What I like about myself, particularly as I get older, is that I take lessons from everything. Even when something not so great happens, I turn it around and take back my power by finding a lesson in it. I have to think about what I want to get out of it, what would be a better or alternative outcome, how can I change it. I have to put my ego aside and do what is best for my soul. If you know what I mean, I applaud you. If you don’t, think about it.

I don’t compare myself to others and I only compete with myself. My main focus is me. If I pour time, energy and effort into myself, then everybody benefits. If I feel good, I do good, I make others feel good, which is all round goodness, right? Self love is so instrumental in all that I’ve done and all that I’m doing.

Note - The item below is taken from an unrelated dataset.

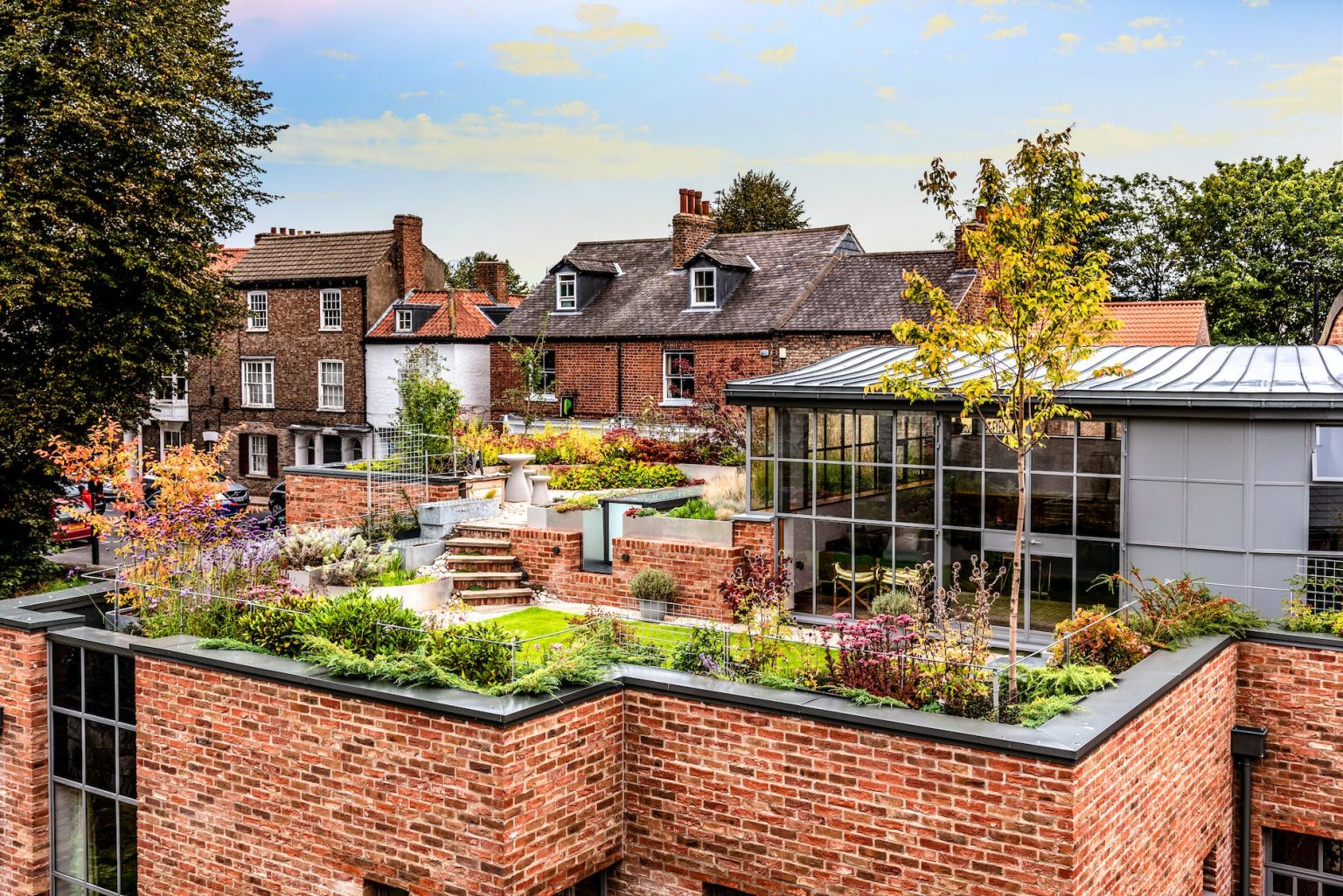 terrace garden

In loving myself, I began to achieve my dreams and I feel obliged to pay it forward and encourage others to do the same. I practice what I preach, my lovely, and I am blessed to have the confidence to do that, because not everybody does.

I can pick up on energy. I’m drawn to people who ooze good energy, those who are positive and open and honest, these are the kind of people who become my friends. The realists who realise that remaining in a state of discontent never got them anywhere, so they choose to be grateful instead and reap the benefits of that altered way of thinking. When I see social media posts from these people, I can feel the sincerity behind their words and their energy leaps of my phone screen and connects with mine. That level of authenticity is just beautiful, in my opinion. I believe that like-minded individuals gravitate naturally towards each other so maybe that is why some people click and some don’t.

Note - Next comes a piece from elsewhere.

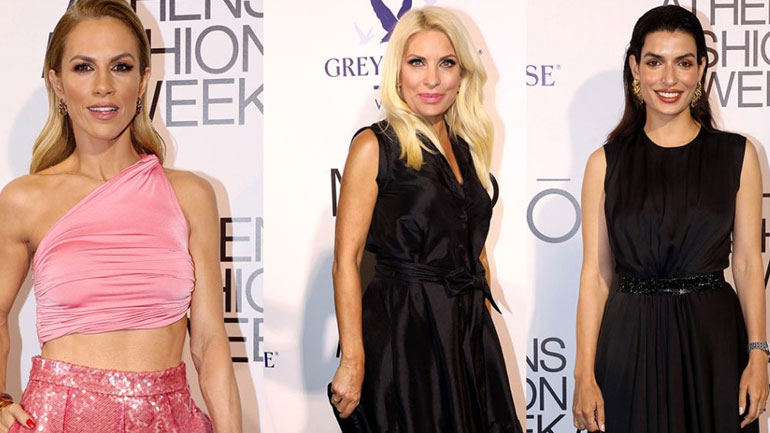 Επίδειξη μόδας MI-RO: Όλοι οι διάσημοι που έδωσαν το παρών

Photo 06-02-2015 20 57 09I don’t mind if people don’t like me or care what they think. For a long time, it didn’t matter how many friends I had, I didn’t like me and so it didn’t make a difference. Now? I love me. I love me so much that I laugh at the indirects, side comments, forced smiles and rolled eyes. I am highly amused at what the universe brings to my attention. I know it is a test of my resilience, and often a challenge to what I have learned about myself so far. I never claim to know everything and I am still a student of life. It’s a good job I love to learn because the universe presents me with so many opportunities where I can do just that.  I continue to learn, grow and develop, every day I evolve more. I am well truly blessed.

There are times when I send messages of love to people I know, simply because I feel so much love that I am unable to contain it. There are times when I receive messages like this, from people who wish to do the same and it really warms my heart. Again, time is precious, and I really value the time spent by those who wish to write me a little something. I may not always respond immediately or even at all, but I always notice and I am always appreciative that I was on somebody’s mind. These messages seem to arrive just at the right time. I love it. Or sometimes, I’ll be scrolling through Instagram and see a quote or image that resonates. I love that synchronicity and it makes me feel good.

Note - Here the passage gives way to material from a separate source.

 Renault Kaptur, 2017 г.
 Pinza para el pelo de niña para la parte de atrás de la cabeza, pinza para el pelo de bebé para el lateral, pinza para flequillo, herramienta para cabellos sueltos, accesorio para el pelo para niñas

Good intentions, good energy and good people make me feel good. So, I work to make sure I am one of those good people who bring good energy with good intentions. That’s the essence of who I am. I don’t have the attention span to pretend to be something I’m not. I’m not interested in fitting into somebody else’s warped idea of how I should be. That’s not my life. I can’t live an inauthentic life. My soul would probably die a slow death. I’m not here for that. I’m here to live a life that is positive and oozing with love.  And so, I’ll continue to do just that.